Quantification of systemic drug exposure by Cmax and AUC values is used to determine the relative bioavailability of different formulations. Prior investigation of the pharmacokinetics and pharmacodynamics of the delayed-release dexlansoprazole capsule have indicated that pharmacodynamic effects, such as change in pH, are related to AUC levels [Vakily et al. 2009]. Similar AUC levels and comparable pharmacodynamic parameters observed in this study indicate similar acid suppression activity between the ODT and capsule forms. The results presented here demonstrate pharmacokinetic and pharmacodynamic equivalence for the 30 mg dexlansoprazole ODT and 30 mg dexlansoprazole capsule. The determination of bioequivalence allows the 30 mg ODT to be prescribed for the same indications for which the 30 mg dexlansoprazole capsule is approved [Takeda Pharmaceuticals America, Inc., 2016]. Importantly, no difference in systemic exposure between the two dosage forms was observed after a single dose or after daily doses for 5 days. The 24-hour pH control was equivalent between each formulation after a single dose or after daily doses for 5 days. In addition, percentage of time with intragastric pH > 4 was similar over the 24-hour period following administration of either the ODT or capsule, including during the >6-hour to 24-hour interval, a timespan covering nighttime acid production over to the next morning.

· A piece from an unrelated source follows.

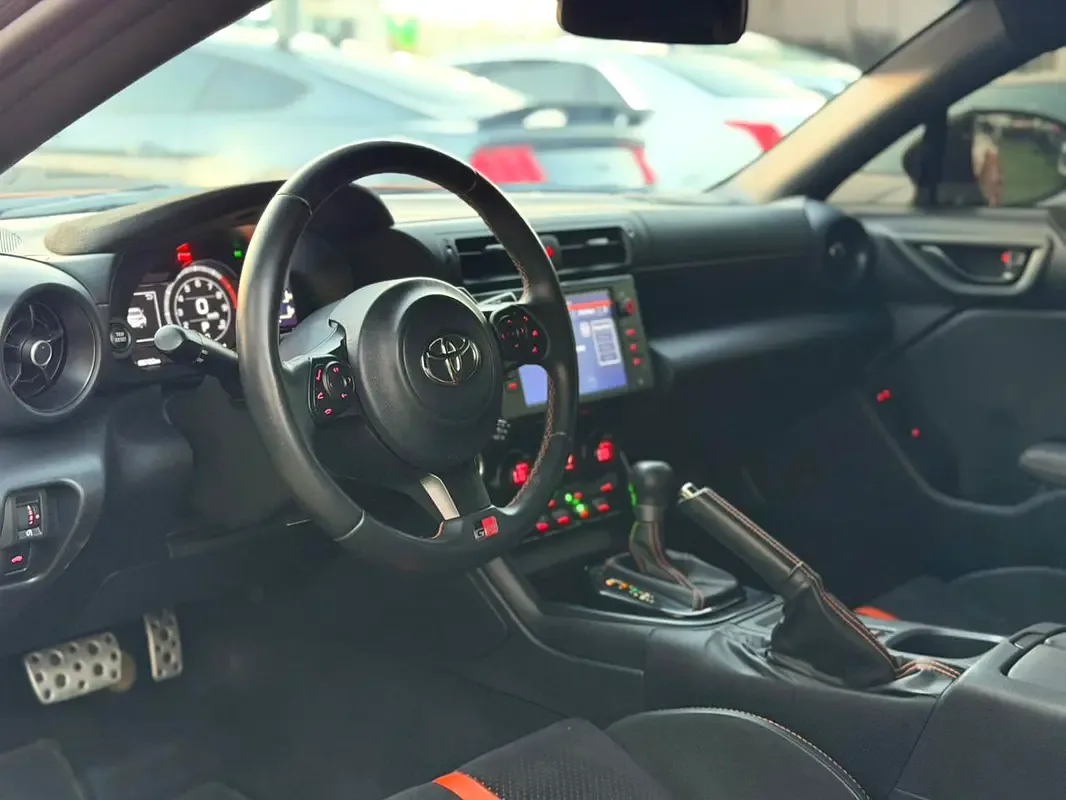 Toyota GR86 2.4 AT (235 حصان) - 8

For both ODT and capsule formulations, greater pH control was observed on day 5 than on day 1; the difference may be partly attributed to lower intragastric pH values prior to the beginning of the 24-hour pH-monitoring period on day 1. The cumulative inhibitory effect following multiple daily dosing is anticipated due to the prolonged binding of the active form of PPIs (sulfenamide) [Vakily et al. 2009]. The majority of adverse events were mild and considered unrelated to the study drug; no serious adverse events were reported.

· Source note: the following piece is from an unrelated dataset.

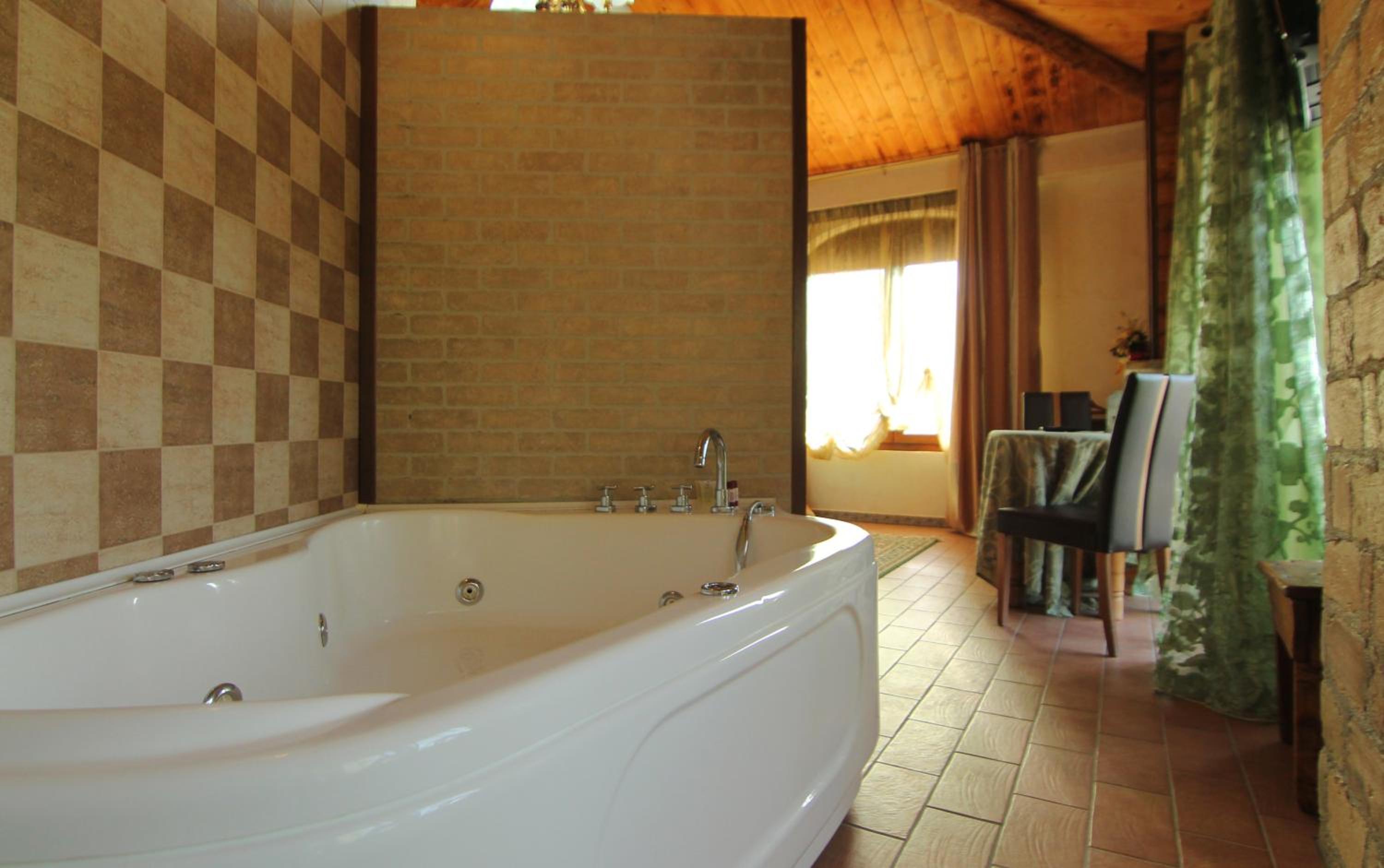 Suite with Spa Bath - Photo 11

Both dexlansoprazole 30 mg capsule and 30 mg ODT are approved for use in adults as a treatment for heartburn associated with symptomatic nonerosive GERD for 4 weeks, maintenance of healed EE for up to 6 months and relief of heartburn [Takeda Pharmaceuticals America, Inc., 2016]. The ODT formulation of dexlansoprazole was developed as a more convenient method of delivery than those traditionally reserved for patients with difficulty swallowing. Further options that add to the dosing flexibility of the ODT formulation include administering dexlansoprazole ODT granules orally via syringe or via nasogastric tube after disintegration in water (Kukulka et al., manuscript in preparation). Evaluation of the pharmacokinetic and pharmacodynamic profiles of dexlansoprazole 30 mg ODT reported herein suggests that this novel formulation may be used as a substitute for the 30 mg capsule, with added benefits of simpler administration for patients who may have difficulty swallowing.